Status Checking Affiliate Links

Goal

I'd like to make an application that would check in case any of the pages that make us money are down.

For non-obvious reasons, we'd never had a need for ping checks for any of our affiliate pages before. This sounds quite dumb, so let's think of a good way to do this.

Requirements

At a high level the resulting app should tell me:


Initial Steps

I've seen affiliate links use 2-3 levels of redirects before, so our code will probably need to travel through all of those to get to the final page. Let's see if we can witness this happening

BurpSuite

Proxy: On
Intercept: On
Pasted image 20240404212246.png

The first 302 looks good, we can go through that with Python's requests library and use allow-redirects=true if needed. But that 200 looks odd. I haven't seen a page redirecting without being 3xx-ed before...

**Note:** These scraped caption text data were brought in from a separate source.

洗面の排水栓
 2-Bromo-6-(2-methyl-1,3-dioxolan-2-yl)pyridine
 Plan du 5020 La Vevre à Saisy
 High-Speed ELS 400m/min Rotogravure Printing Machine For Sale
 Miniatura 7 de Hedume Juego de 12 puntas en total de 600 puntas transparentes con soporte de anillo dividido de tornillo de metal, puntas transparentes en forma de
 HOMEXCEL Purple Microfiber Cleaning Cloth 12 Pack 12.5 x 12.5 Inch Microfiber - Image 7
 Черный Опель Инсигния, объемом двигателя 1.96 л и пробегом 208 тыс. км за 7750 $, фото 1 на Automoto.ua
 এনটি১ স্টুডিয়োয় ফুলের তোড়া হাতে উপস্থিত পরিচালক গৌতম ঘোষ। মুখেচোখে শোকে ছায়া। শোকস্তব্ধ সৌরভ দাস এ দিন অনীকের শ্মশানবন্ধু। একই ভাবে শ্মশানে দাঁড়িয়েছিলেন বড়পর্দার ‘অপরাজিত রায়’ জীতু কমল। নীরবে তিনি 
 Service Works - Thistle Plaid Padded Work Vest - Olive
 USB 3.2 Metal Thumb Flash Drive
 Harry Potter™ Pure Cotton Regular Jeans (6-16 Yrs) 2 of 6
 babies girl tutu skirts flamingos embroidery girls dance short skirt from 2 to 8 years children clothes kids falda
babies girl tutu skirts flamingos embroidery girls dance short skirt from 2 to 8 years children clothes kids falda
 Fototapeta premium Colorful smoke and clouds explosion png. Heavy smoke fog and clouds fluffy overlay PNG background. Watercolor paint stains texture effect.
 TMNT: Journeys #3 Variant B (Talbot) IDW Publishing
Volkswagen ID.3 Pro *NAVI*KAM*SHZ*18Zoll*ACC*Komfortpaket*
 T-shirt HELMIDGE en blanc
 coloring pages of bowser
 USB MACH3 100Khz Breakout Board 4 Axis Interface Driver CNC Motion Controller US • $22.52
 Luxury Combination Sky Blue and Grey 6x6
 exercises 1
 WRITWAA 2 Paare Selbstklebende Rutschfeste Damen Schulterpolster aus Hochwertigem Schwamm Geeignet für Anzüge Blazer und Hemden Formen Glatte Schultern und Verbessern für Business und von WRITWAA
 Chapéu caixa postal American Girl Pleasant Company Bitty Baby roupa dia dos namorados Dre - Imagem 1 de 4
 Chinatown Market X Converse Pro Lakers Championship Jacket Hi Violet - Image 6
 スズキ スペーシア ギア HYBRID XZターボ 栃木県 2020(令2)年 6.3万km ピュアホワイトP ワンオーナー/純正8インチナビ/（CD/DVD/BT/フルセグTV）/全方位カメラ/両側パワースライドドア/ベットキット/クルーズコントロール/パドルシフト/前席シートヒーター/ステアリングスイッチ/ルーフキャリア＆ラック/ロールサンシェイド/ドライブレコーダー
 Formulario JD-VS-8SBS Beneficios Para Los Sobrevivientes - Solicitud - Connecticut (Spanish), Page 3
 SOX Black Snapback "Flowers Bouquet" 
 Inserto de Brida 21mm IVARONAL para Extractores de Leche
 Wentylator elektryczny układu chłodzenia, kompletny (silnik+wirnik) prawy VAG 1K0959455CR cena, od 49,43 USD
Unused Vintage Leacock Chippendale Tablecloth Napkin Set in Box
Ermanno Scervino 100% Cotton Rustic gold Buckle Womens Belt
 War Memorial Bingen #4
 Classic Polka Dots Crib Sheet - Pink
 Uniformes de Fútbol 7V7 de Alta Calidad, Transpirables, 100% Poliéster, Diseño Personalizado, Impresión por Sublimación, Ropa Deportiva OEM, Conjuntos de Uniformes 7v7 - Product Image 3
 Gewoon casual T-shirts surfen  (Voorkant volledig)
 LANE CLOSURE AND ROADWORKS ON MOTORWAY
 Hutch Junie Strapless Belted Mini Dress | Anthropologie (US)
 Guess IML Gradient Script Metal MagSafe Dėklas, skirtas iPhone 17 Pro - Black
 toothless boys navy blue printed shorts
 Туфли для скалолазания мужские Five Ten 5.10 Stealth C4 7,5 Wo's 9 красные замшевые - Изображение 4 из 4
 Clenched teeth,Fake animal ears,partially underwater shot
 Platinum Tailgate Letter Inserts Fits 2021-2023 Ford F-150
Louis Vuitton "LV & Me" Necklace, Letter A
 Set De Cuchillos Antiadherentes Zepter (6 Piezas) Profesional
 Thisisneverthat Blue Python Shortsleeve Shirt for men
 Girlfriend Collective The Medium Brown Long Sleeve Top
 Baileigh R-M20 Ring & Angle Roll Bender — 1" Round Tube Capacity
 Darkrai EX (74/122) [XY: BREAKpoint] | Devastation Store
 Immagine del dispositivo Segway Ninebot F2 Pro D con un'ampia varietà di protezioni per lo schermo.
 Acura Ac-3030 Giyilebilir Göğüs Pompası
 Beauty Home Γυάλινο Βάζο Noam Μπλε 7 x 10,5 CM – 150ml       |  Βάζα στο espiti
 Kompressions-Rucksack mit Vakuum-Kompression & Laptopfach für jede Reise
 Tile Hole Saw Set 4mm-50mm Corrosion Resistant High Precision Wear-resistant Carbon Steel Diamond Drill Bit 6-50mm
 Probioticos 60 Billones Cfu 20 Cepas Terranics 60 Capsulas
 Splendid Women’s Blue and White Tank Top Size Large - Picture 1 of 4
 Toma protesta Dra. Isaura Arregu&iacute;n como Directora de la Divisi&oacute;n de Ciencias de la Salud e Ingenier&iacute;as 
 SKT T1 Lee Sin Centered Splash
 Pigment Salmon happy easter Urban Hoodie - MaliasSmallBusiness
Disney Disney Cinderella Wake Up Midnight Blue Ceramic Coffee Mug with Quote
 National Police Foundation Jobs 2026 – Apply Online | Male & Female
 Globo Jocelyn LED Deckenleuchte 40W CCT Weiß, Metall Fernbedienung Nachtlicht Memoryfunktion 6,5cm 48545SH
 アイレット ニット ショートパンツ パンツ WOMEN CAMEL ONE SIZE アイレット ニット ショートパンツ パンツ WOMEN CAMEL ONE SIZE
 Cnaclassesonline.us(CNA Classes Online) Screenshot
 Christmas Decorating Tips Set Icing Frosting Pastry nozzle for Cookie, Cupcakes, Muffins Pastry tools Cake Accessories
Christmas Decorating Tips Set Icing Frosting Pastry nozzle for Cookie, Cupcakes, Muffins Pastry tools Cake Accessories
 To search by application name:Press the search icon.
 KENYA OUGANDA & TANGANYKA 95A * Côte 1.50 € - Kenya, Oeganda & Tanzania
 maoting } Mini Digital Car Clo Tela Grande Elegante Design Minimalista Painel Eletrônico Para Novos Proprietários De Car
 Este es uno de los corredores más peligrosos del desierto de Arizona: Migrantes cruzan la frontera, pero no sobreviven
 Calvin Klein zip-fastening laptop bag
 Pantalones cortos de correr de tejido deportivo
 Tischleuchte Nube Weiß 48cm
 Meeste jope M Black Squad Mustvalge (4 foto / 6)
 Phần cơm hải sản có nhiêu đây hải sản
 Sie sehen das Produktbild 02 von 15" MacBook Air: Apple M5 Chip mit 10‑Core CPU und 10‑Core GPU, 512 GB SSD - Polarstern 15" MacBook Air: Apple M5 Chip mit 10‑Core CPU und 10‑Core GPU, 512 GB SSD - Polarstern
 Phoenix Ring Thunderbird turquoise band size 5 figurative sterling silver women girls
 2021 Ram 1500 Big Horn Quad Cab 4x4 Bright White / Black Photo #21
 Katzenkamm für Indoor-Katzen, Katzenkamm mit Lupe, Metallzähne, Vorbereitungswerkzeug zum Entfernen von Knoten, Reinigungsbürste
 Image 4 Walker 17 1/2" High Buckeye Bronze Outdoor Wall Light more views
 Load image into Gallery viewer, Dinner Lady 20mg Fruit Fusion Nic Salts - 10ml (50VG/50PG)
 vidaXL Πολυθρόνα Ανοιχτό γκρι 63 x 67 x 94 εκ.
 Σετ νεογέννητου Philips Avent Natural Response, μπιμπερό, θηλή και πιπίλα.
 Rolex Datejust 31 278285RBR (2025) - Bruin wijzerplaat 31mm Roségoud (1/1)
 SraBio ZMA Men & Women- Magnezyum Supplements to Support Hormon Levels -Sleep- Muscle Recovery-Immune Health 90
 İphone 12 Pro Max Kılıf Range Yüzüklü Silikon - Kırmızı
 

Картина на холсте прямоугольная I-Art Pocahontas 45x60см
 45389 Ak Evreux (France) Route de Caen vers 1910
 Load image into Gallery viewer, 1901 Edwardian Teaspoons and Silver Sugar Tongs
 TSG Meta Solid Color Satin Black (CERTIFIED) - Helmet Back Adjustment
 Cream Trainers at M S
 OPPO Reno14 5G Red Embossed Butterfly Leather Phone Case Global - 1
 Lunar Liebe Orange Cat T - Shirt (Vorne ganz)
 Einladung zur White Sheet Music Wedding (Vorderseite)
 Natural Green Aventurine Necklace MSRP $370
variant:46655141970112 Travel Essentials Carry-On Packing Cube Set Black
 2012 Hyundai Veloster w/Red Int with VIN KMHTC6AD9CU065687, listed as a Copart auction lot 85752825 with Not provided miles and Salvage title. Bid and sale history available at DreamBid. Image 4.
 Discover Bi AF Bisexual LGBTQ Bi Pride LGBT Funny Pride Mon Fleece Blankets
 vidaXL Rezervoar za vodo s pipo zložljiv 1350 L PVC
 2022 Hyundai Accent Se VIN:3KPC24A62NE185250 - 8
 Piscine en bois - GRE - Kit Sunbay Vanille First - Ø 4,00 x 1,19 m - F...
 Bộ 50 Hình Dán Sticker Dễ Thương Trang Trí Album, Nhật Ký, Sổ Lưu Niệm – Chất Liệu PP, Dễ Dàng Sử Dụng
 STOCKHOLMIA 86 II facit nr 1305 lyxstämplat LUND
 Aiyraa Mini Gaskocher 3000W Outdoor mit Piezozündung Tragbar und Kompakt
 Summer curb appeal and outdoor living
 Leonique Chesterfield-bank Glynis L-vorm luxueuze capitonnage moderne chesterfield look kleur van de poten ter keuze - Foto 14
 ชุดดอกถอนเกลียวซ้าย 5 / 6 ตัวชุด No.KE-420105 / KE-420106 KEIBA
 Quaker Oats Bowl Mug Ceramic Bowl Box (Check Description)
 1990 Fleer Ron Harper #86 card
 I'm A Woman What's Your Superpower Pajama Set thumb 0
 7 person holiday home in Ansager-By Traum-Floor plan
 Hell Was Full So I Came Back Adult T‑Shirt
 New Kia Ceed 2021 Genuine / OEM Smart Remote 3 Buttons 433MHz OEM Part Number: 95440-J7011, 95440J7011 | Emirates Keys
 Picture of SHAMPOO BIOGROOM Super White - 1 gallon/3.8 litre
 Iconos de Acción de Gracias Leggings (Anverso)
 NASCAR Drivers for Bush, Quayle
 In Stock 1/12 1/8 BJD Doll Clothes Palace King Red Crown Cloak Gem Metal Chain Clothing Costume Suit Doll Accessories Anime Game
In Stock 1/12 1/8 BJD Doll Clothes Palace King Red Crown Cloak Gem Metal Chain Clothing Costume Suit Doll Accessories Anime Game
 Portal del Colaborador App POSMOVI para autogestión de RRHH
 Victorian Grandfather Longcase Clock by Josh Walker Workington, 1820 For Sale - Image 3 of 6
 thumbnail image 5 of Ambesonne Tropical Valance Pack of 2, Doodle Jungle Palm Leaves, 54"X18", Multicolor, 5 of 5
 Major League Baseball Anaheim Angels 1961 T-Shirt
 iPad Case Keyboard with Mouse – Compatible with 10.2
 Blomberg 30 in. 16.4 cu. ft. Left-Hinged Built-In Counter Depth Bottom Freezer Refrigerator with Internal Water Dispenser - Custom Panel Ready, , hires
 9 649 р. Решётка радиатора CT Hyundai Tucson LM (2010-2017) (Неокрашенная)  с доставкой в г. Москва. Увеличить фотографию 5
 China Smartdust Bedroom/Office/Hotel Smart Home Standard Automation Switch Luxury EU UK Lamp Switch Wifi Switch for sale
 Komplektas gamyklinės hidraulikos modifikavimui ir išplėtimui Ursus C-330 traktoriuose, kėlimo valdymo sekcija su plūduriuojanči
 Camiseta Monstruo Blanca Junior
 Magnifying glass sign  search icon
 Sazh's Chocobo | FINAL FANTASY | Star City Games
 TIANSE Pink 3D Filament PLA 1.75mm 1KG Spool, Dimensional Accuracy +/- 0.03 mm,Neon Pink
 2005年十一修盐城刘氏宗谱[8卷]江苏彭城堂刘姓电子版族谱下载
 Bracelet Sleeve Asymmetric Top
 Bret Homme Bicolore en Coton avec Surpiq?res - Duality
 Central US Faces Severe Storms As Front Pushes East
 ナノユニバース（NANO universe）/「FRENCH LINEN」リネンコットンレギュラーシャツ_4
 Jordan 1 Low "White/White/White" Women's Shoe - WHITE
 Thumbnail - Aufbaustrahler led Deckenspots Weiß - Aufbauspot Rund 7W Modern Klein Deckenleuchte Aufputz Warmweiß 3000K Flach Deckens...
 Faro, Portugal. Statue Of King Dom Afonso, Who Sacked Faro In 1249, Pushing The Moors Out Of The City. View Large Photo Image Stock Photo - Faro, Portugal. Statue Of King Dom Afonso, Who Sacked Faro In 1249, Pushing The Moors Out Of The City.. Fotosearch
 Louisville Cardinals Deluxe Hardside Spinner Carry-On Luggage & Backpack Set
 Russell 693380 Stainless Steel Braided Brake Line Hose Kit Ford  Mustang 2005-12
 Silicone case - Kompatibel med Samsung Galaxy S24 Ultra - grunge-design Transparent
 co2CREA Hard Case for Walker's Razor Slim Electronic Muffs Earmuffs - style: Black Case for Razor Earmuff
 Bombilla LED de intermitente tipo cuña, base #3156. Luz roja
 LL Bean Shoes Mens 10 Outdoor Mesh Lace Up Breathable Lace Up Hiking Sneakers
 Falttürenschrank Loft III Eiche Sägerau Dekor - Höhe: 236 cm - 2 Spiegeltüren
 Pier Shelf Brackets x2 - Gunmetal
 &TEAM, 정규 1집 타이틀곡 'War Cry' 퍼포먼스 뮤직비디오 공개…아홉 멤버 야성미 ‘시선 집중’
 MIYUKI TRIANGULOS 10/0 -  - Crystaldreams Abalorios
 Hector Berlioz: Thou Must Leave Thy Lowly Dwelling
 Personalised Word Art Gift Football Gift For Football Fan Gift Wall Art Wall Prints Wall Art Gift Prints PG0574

Looking at the response headers, I couldn't find any info on how this magic is done - It's just a bunch of Set-Cookies.
Pasted image 20240404213618.png
... that is, until I scrolled down the HTML response a bit more:
Pasted image 20240404213733.png

Hidden at the bottom of the page was this code:

<HTML><head></head><body>

	
		<script LANGUAGE="JavaScript1.2">
		window.location.replace('https:\/\/www.northwestregisteredagent.com\/northwest-truic-llc?sscid=41k8_588dr ')
		</script>
	

</body></html>

This is the first time I've heard of JavaScript being used for redirection. The requests library is probably not going to cut it since the JS needs to be executed[1], and we want to mimic the user as much as possible.

Python + Selenium

We don't want to render the browser, so let's go for a headless setup

from selenium import webdriver
from selenium.webdriver.chrome.service import Service
from selenium.webdriver.chrome.options import Options
from webdriver_manager.chrome import ChromeDriverManager

def get_final_url(url):
    # Set up Chrome options
    chrome_options = Options()
    chrome_options.add_argument("--headless")  # Run in headless mode

    # Set up the driver
    service = Service(ChromeDriverManager().install())
    driver = webdriver.Chrome(service=service, options=chrome_options)

    try:
        driver.get(url)  # Load the page
        final_url = driver.current_url  # Get the final URL after redirection
        print(f"The final destination URL is: {final_url}")
    finally:
        driver.quit()  # Make sure to quit the driver to free resources

user_url = input("Enter the URL to check: ")
get_final_url(user_url)

--> Looking good:
Pasted image 20240404215327.png

Let's clean this up though and hide the 3rd party cookie warning:

    chrome_options.add_argument("--headless")  # Run in headless mode
    chrome_options.add_argument("--log-level=3")  # Suppress logs

    service = Service(ChromeDriverManager().install(), log_path='NUL' if platform.system() == 'Windows' else '/dev/null')
    service.creationflags = 0x08000000  # This is for Windows to prevent the console window from appearing

Much better:
Pasted image 20240404215541.png

Now let's add some code to check the runtime duration from start to end of the 200 check

import time
# More code...

    try:
        start_time = time.time()
        driver.get(url)
        end_time = time.time()
        final_url = driver.current_url 

        duration = end_time - start_time
        print(f"The final destination URL is: {final_url}")
        print(f"##### Total time taken to load the final URL: {duration:.2f} seconds. #####")
    finally:
        print(f"Quitting the driver...")
        driver.quit()  # Make sure to quit the driver to free resources

# The rest...

Button Check

Alrighty, now that we can confirm the final URL is reachable, let's make sure the actual page has functional buttons users can click on to get to the vendor. It may look like this in normal circumstances:
Pasted image 20240404221249.png
Let's check to see if the GET STARTED button is available

        # Check for the "Get Started" button
        buttons = driver.find_elements(By.XPATH, "//button[contains(text(), 'Get Started')]")
        if buttons:
            print("Get Started Button found.")
        else:
            print("Get Started Button not found.")

Python -> Azure Function

I'd prefer not having to run this .py as a Scheduled Task, so let's turn it into a Timed Azure Function instead and put the URL inside a .env

def main(mytimer: func.TimerRequest) -> None:
    utc_timestamp = datetime.datetime.utcnow().replace(tzinfo=datetime.timezone.utc).isoformat()
    logging.info('Python timer trigger function ran at %s', utc_timestamp)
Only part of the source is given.